The breakthrough moment came with the CT scan.
A distinct touch hole—the ignition point used to fire hand cannons—was clearly visible.
“That is really cool,” Rick remarked as the internal image rotated across the screen.
Gary Drayton, often the first to recognize historic weapons, couldn’t contain himself:
“It bloody well is!”
The find is, in short, one of the most unusual artifacts ever recovered from the swamp.

Digging Deeper Into the Bog
With excitement high, Gary, Billy, and Derek returned to the western swamp in hopes of finding supporting evidence. Their detector quickly began to respond.
First came small surface nails. Then, a deeper, heavier signal.
“This has a chance of being older,” Gary said, kneeling beside the pit. Moments later, Billy pried out a dense iron object with sharp edges and deliberate shaping.
“That’s a something,” Gary observed. “It was made with purpose.”
The artifact wasn’t slag, nor a random fragment.

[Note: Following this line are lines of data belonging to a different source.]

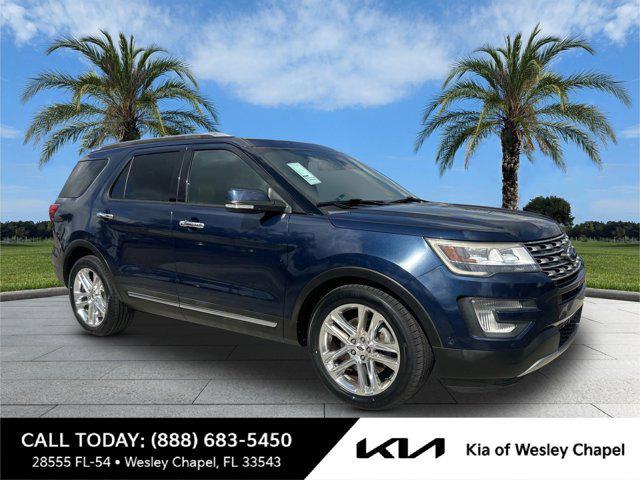 used 2017 Ford Explorer car, priced at $19,784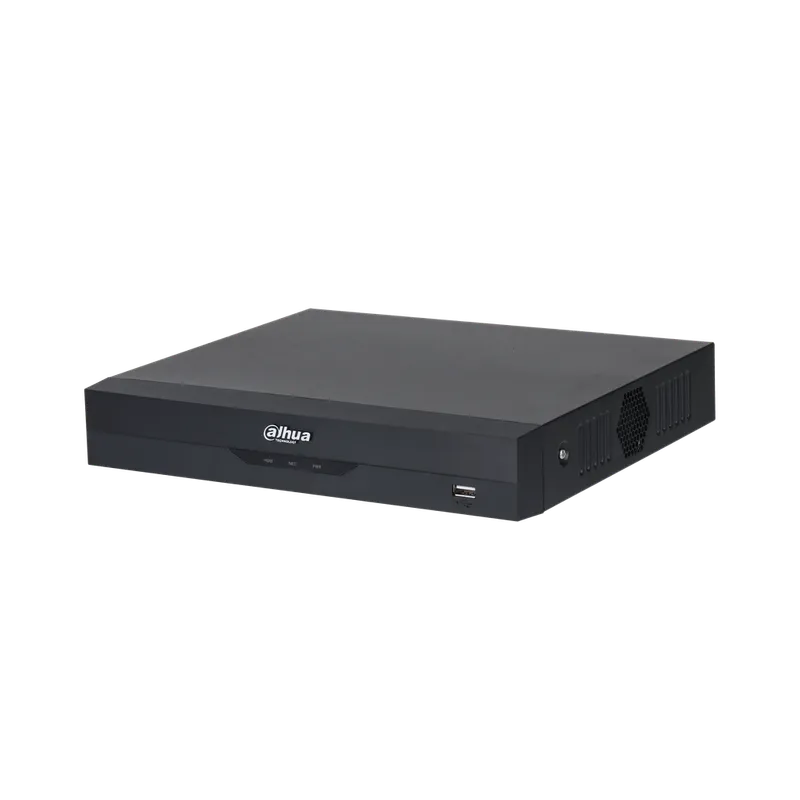 DH-XVR4104HS-I. DAHUA WizSense de 4 canales Penta-brid 1080N/720p Compact 1U 1HDD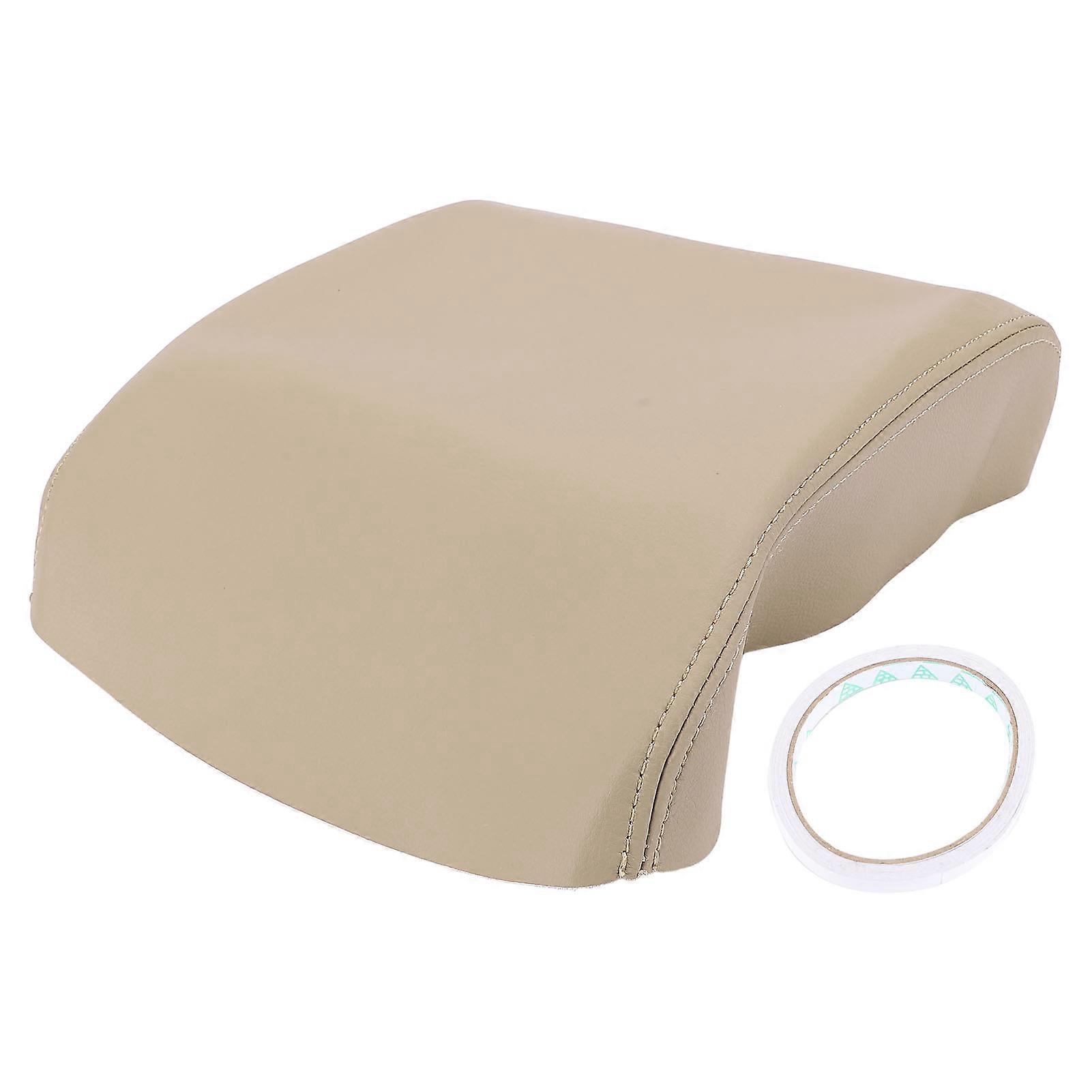 Center Console Microfiber Pu Leather Water Resistant Comfortable Scratchproof Car Armrest Protector Cover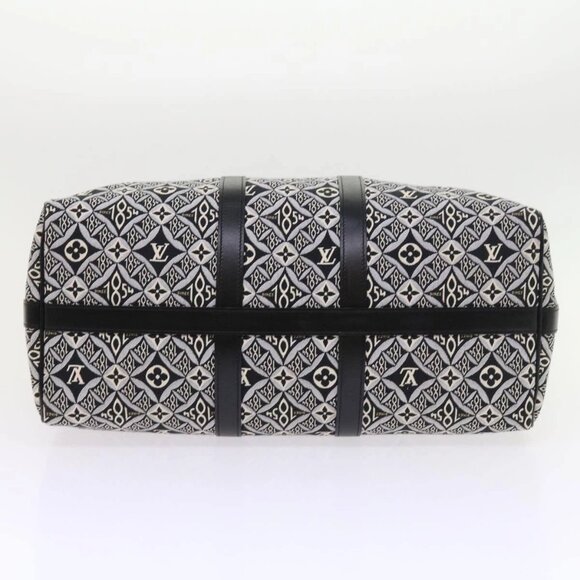 LOUIS VUITTON SINCE 1854 Keepall Bandouliere 45 Jacquard M57304 LV Auth 56155A - Picture 7 of 16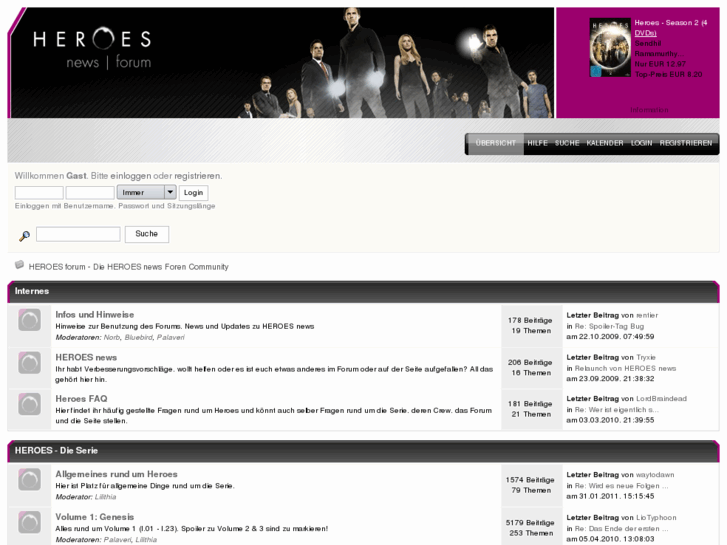 www.heroesforum.de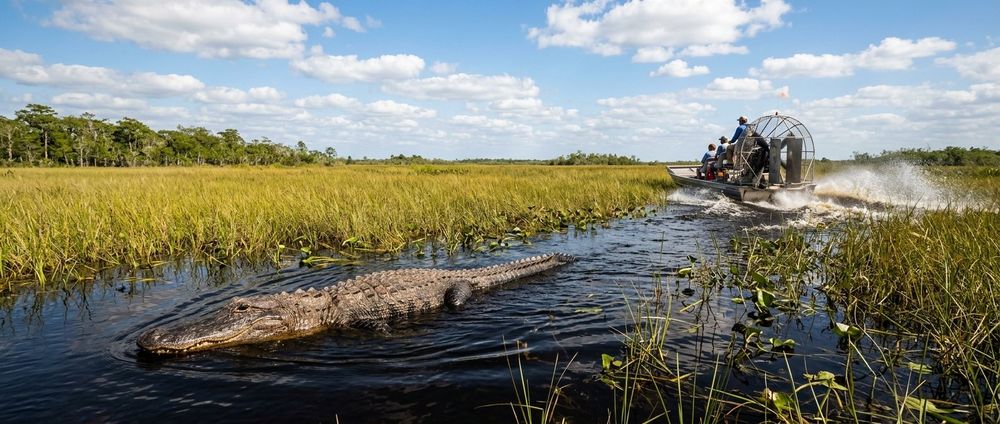 What to Expect on an Everglades Airboat Tour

Whether structural or symbolic, its weight and form suggested age—and possible connection to the earlier weapon piece.
More signals followed: a tiny but fully preserved iron needle, and another heavy, curved object Gary suspected might be the end of a large iron buckle—possibly from a chest or cargo container.
Marty Lagina arrived just in time to see the growing assortment.
“You’ve got to be kidding,” he said, examining the needle. “You just don’t miss anything.”
The buckle fragment especially intrigued him.
“That’d be a big buckle,” he noted. “Something meant for strong reinforcement.”
The narrator then posed the obvious question:
Could this have once been attached to a large chest? And if so, what was inside that chest?
With the nearby corduroy road—a man-made pathway built with logs—running through the swamp, the possibility that heavy cargo was transported through this area is once again back in play.
The Swamp: From Theory to Evidence
For years, the swamp has divided the team. Some believed it held the key to the island’s secrets; others saw it as a distraction. Marty himself has long been a skeptic.
“I’ve always said one of the best ways to hide something would be to flood it,” he admitted. “Flooding it in a swamp-like condition would leave absolutely no trace.”
And yet, with each passing season, the swamp continues producing artifacts that force even the skeptics to reconsider.
Now, with a potential hand cannon fragment dated centuries earlier than the Money Pit, the stakes have shifted yet again.
Rick, energized by the find, made the team’s next step clear:
“We’re nowhere near done. We need to learn what else is in there.”
Gary grinned as he lifted his detecting gear.
“Leave no stone unturned.”

What Comes Next
The hand cannon fragment will now be forwarded to weapons specialists for more advanced identification. If confirmed, the implications are profound:
– Europeans may have reached Oak Island far earlier than documented.
– Military technology may have been carried into the swamp for protection or concealment.
– The paved stone feature discovered in 2019—believed to be up to 800 years old—could be part of a much older network of activity.
And as Gary reminded the team:
“This is good… but find some more.”
With fresh artifacts coming out of the bog almost daily, Oak Island’s most mysterious location may finally be giving up its secrets.